Woodward’s experience as a TV anchor was clearly serving her in the interview. She sounded like a paragon of thoughtful policy. She talked about how she came to the plan on addiction programs vs. jail time by exploring what had worked in other cities. But when the interviewer asked her about how her policy would deal with homeless people who weren’t addicted to anything, Woodward delivered a devious lie, a classic of what Charles Seife calls proofiness.

Her answer was that the vast majority of homeless people are addicts, and would hence benefit from being strong-armed into addiction programs. And then she rattled off the following statistics.

  • Percentage of homeless people with alcohol addiction: 38%
  • Percentage of homeless people with drug addictions: 26%
  • Percentage of homeless people with mental illness: 20-25%

Total percentage with any of the above: 84 – 89%. Right? Right?

Wrong.

At this point, I started yelling at the radio.

Can you spot the lie?

The Lie Unpacked

There’s the logical problem, which is that people with mental illness may not belong in the addiction program, but that’s more of a detail from the numeracy perspective. Let’s give her the benefit of the doubt and assume she’s got a program that’s great for addicts of any stripe, as well as people with mental illness.

The fundamental deception lies in the assumption that you can add those percentages together. What Woodward is suggesting that there are three distinct groups: mentally Ill, drug addicts, alcohol addicts.

Woodward’s deceptive suggestion of these groups

If every homeless person belongs in at most one of these groups, then you could add the percentages together, since there would be no overlap.

But the picture could be like this.

If every group was a subset of every other

The assumption here is that every mentally ill person is also a drug addict, and every drug addict also has a problem with alcohol. In this case, only 36% of homeless people would be candidates for Woodward’s proposal. Clearly, this is super unlikely. But it shows the nature of the lie.

Probably the real picture looks something like a classic Venn diagram, with various overlaps. Going to the extremes of no overlap vs. all overlap, we get a sense of the range of possible percentages of homeless people with one or more of these problems. That range, if the original statistics were right, goes from 38% – 89%.

The real picture probably looks like this, more or less

More overlap means a smaller overall percentage of people in any of the categories. So if mentally ill people are more likely to be addicts (a reasonable assumption), we should expect the total of people in all three categories to be smaller in total, since the overlap is larger. Knowing nothing else, I’d estimate the percentage of homeless people in one or more of the three categories is roughly 50%.

And here is the heart of the deception: Woodward commits statistical sleight of hand by adding the percentages up, and claims that about 90% of people are in the category of her program. In actuality, it’s more like half. That’s a huge difference, large enough to call into question her entire program.

More than that, it calls her honesty and integrity into question.

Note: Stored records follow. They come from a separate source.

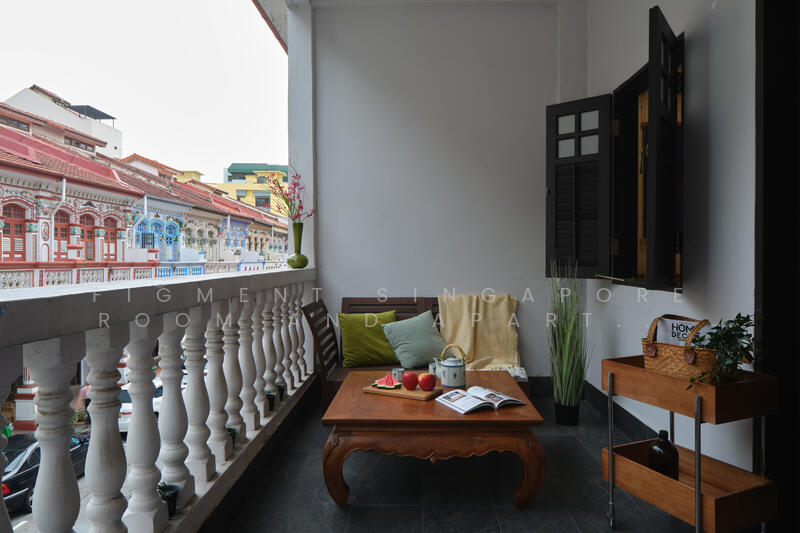 For Rent - Furnished Studio / 1-BR Apartment House Rental, Serviced Residence Coliving Home For Rent Short Term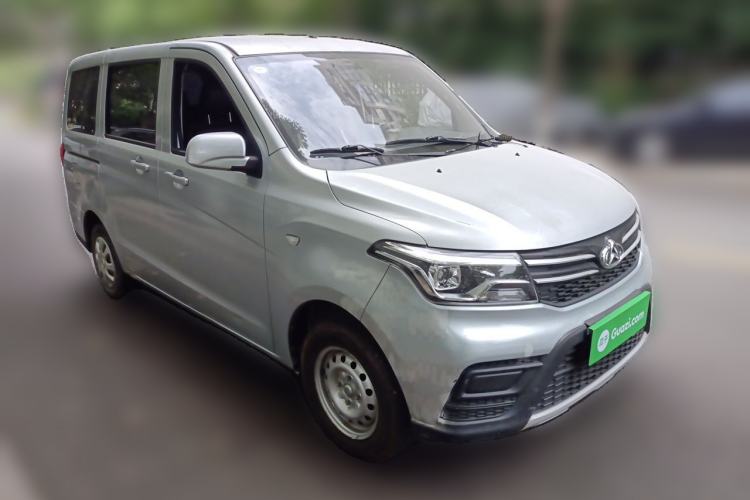 Used CHANGAN KAICHENG Ounuo S 2021 1.5L Ono S Smart Edition Single-Steaming Air-Conditioned Bus JL473QG Front Right 45 Deg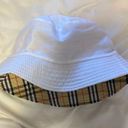 Reversible Bucket Hat White Photo 0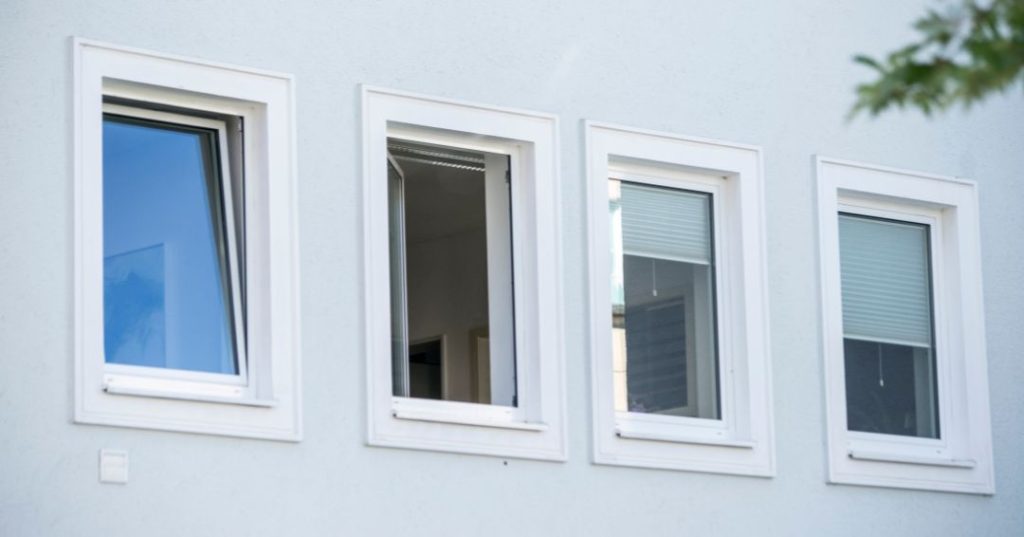 Janelas de vidro em São José do Rio Preto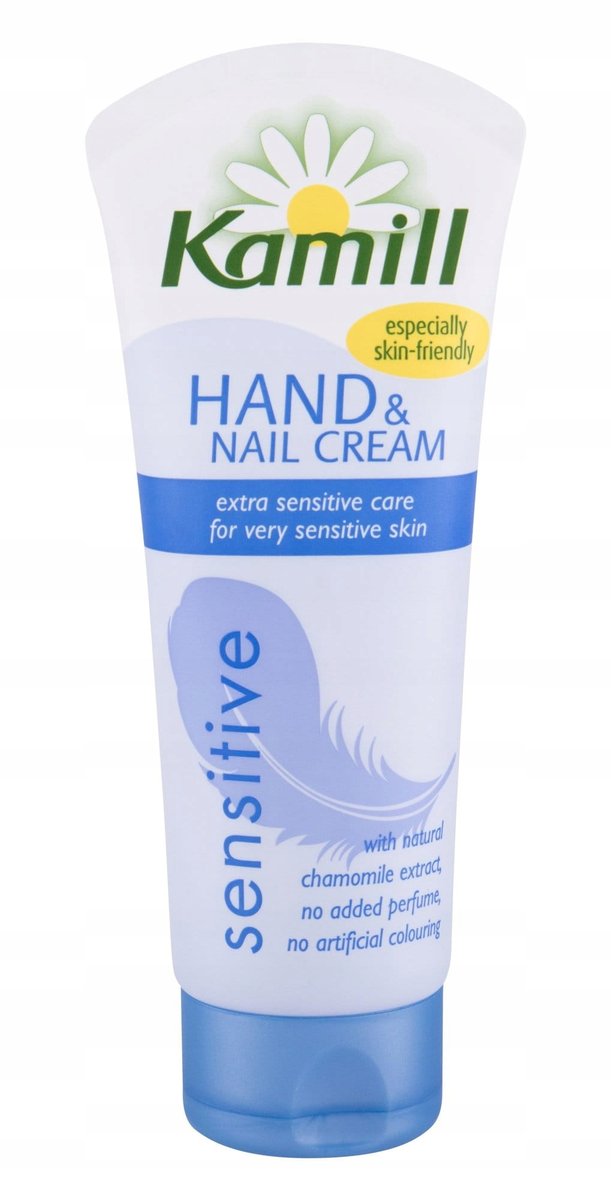 Niemiecki KAMILL HAND & NAIL CREAM SENSTIVE 100ML DE - KREM DO RĄK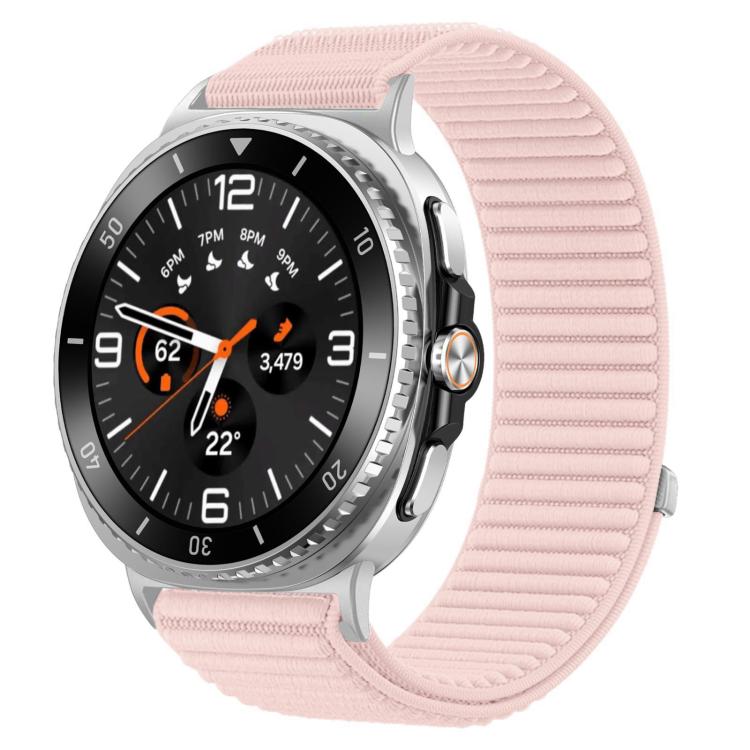xDfind Woven Nylon Hook And Loop Fastener Watch Band, For Samsung Galaxy Watch8 / 8 Classic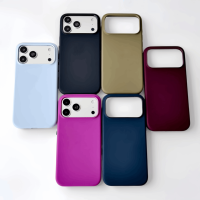 Coque magnétique en silicone liquide officielle Apple pour iPhone 18, 18 Pro, 18 Pro Max, compatible avec la charge sans fil magnétique, antichoc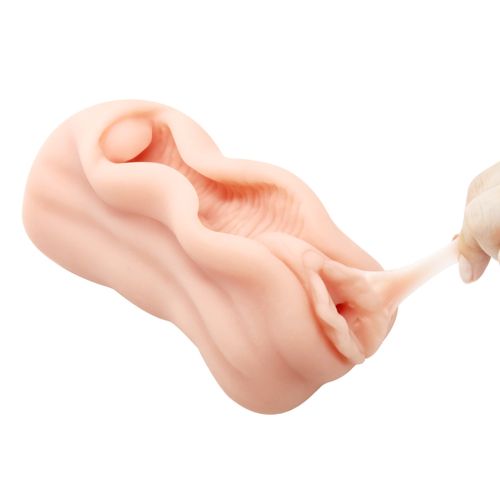 Мастурбатор вагіна тілесного кольору Lybaile Crazy Bull AVA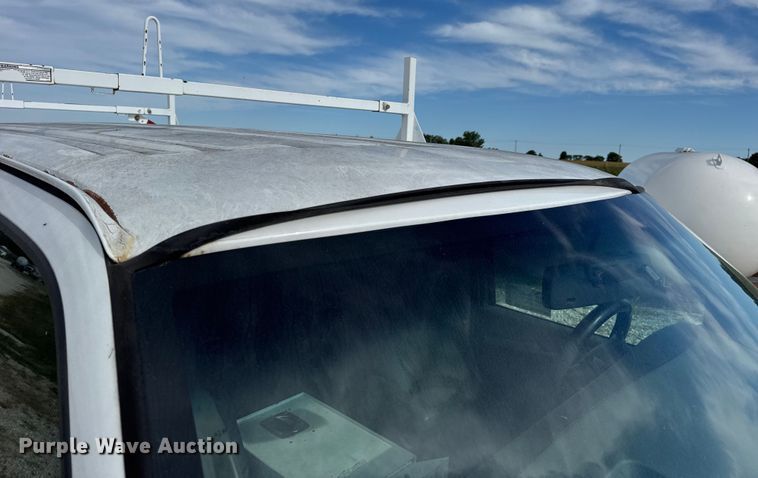 image for item DW6547 2013 Chevrolet  Express 2500 van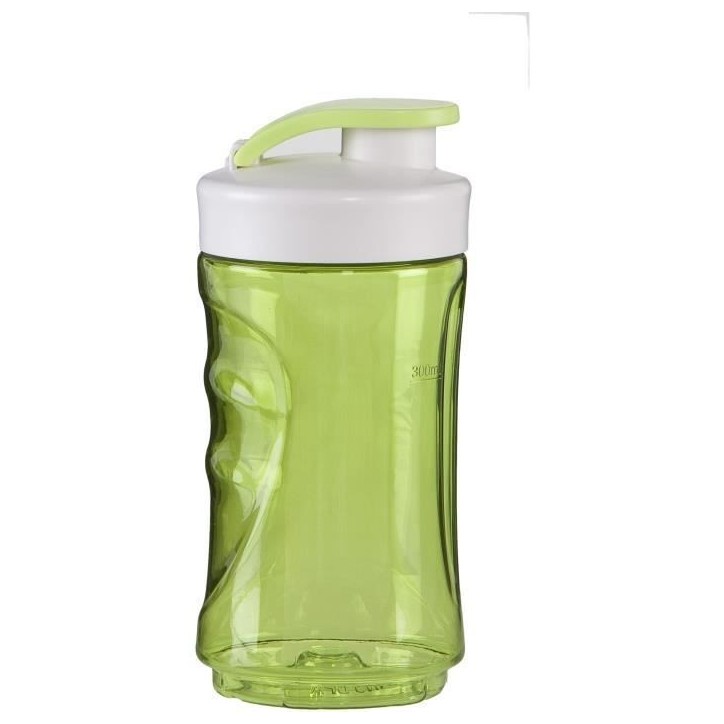 Blender individuel DOMO - DO436BL - 300W - 2 bols 600 ml et 300 ml inclus - vert Blender individuel DOMO - DO436BL - 300W - 2 bols 600 ml et 300 ml inclus - vert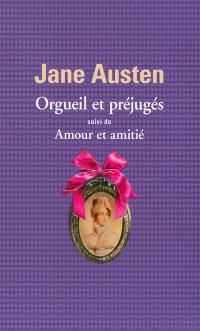 Coffret Orgueil et préjugés, suivi de Amour et amitié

This kind of dishonesty is, in a way, the worst sort. It’s based on real facts, but manipulates them to produce counterfeit results. They ring true despite being false. And using statistics like this means that you look at the data, don’t like what it tells you, and use a false version of it to make your case. And just refuting it makes me focus on homeless people who are in the categories she’s talking about, which leaves you with a mental image she’s trying to plant in spite of myself.

The interviewer should have caught this and pushed Woodward on it instantly. Without journalists who can catch these lies in the moment, we rely on a numerate electorate. The only problem is, we’re not there yet. But I hope this example makes the need clear. A numerically literate electorate is vital in order for democracy to function properly.